• Work request: Every entry below has to appear again in your reply, word for word, but no picture may.

Image-text web data:
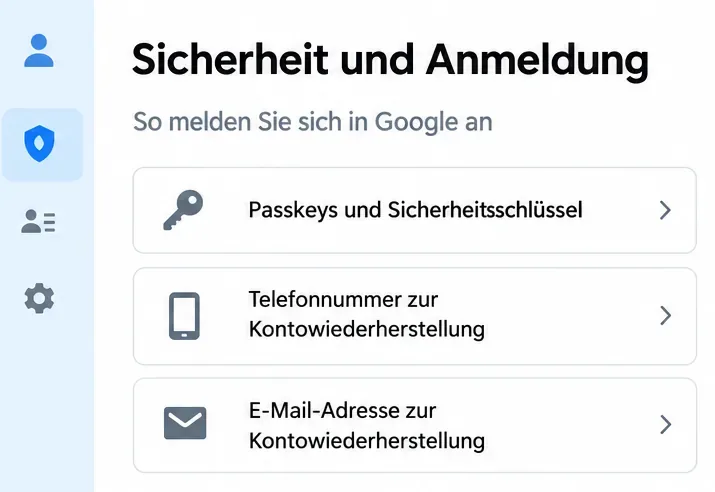 Google-Kontoeinstellungen mit den Bereichen „Passkeys und Sicherheitsschlüssel“, Telefonnummer und E-Mail-Adresse zur Kontowiederherstellung.
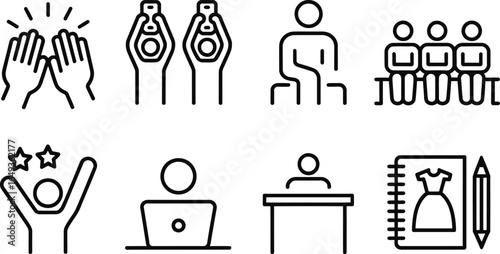 Eight Black Line Art Icons Hands Applause Device User Desk and Design on White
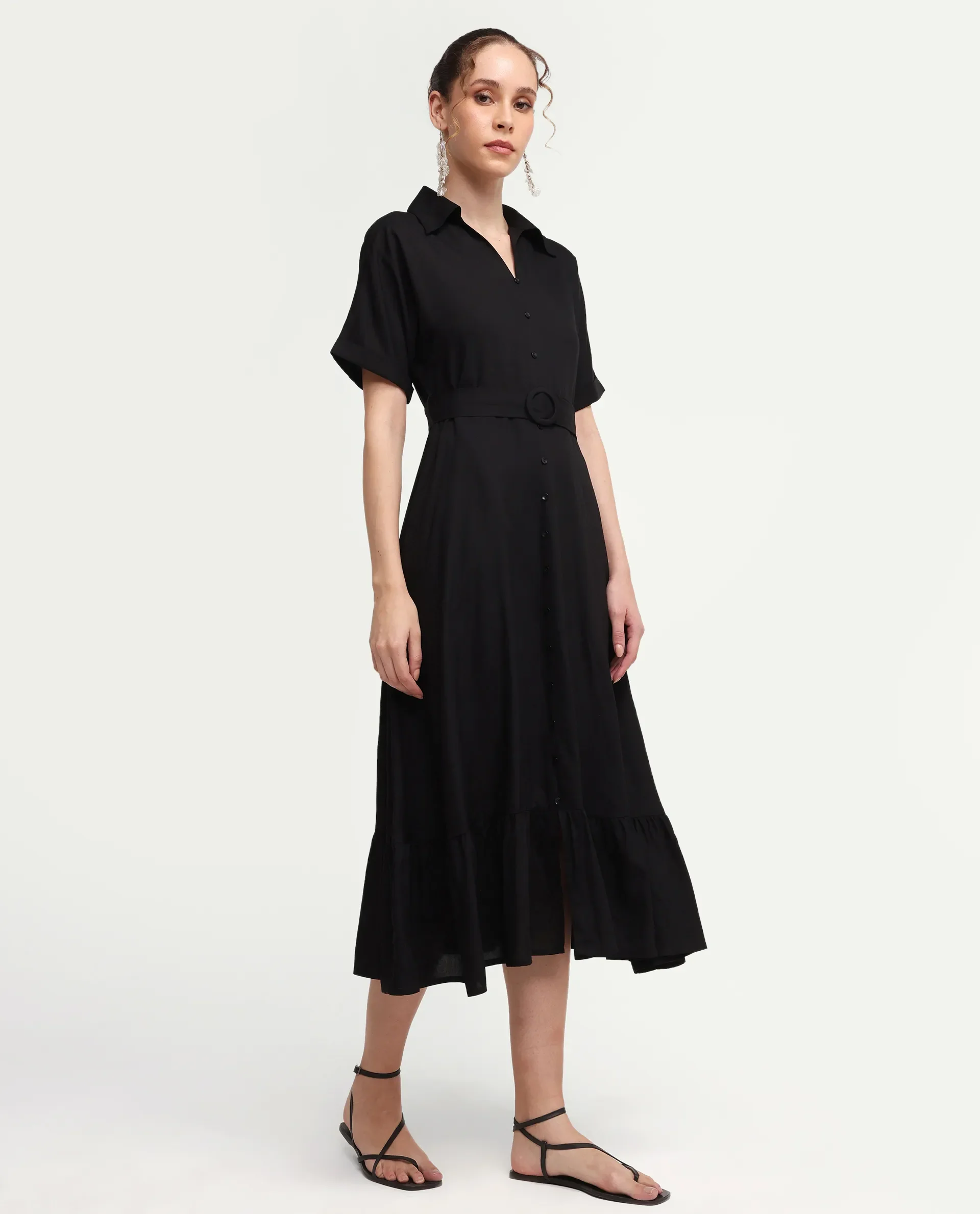 Rareism Women's Elate Black Viscose Half Sleeve A-Line Plain Dress - Image 6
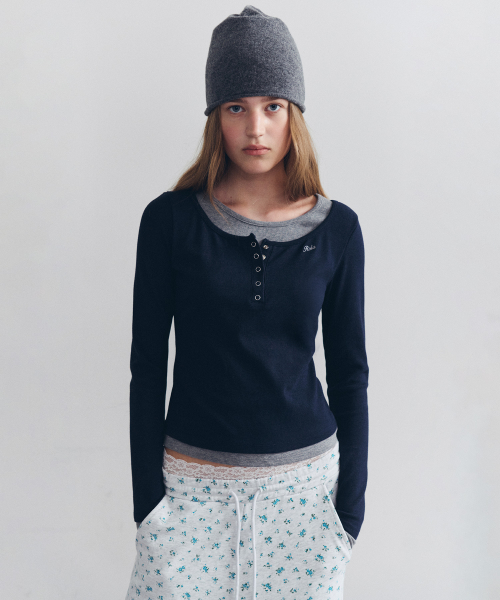 LAYERED HENRYNECK LONG SLEEVE NV+M/GY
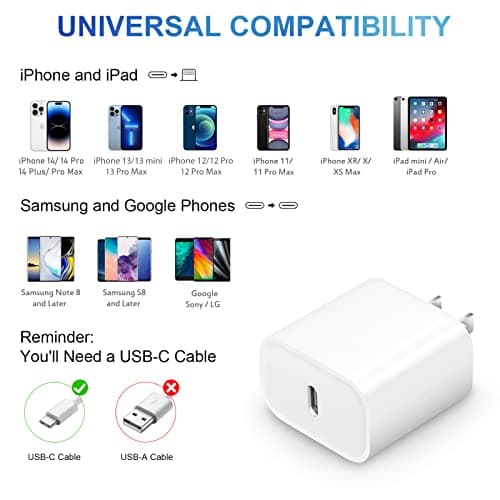 10FT iPhone 14 13 12 Charger Fast Charging 20W PD USB C Wall Charger with 10FT Fast Charging Cable Compatible iPhone 14/13/12/11/Pro/Pro Max/Mini/Xs Max/XR/X, iPad — view 3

• Written response:
 Google-Kontoeinstellungen mit den Bereichen „Passkeys und Sicherheitsschlüssel“, Telefonnummer und E-Mail-Adresse zur Kontowiederherstellung.
 Eight Black Line Art Icons Hands Applause Device User Desk and Design on White
 Rareism Women's Elate Black Viscose Half Sleeve A-Line Plain Dress - Image 6
 LAYERED HENRYNECK LONG SLEEVE NV+M/GY
 10FT iPhone 14 13 12 Charger Fast Charging 20W PD USB C Wall Charger with 10FT Fast Charging Cable Compatible iPhone 14/13/12/11/Pro/Pro Max/Mini/Xs Max/XR/X, iPad — view 3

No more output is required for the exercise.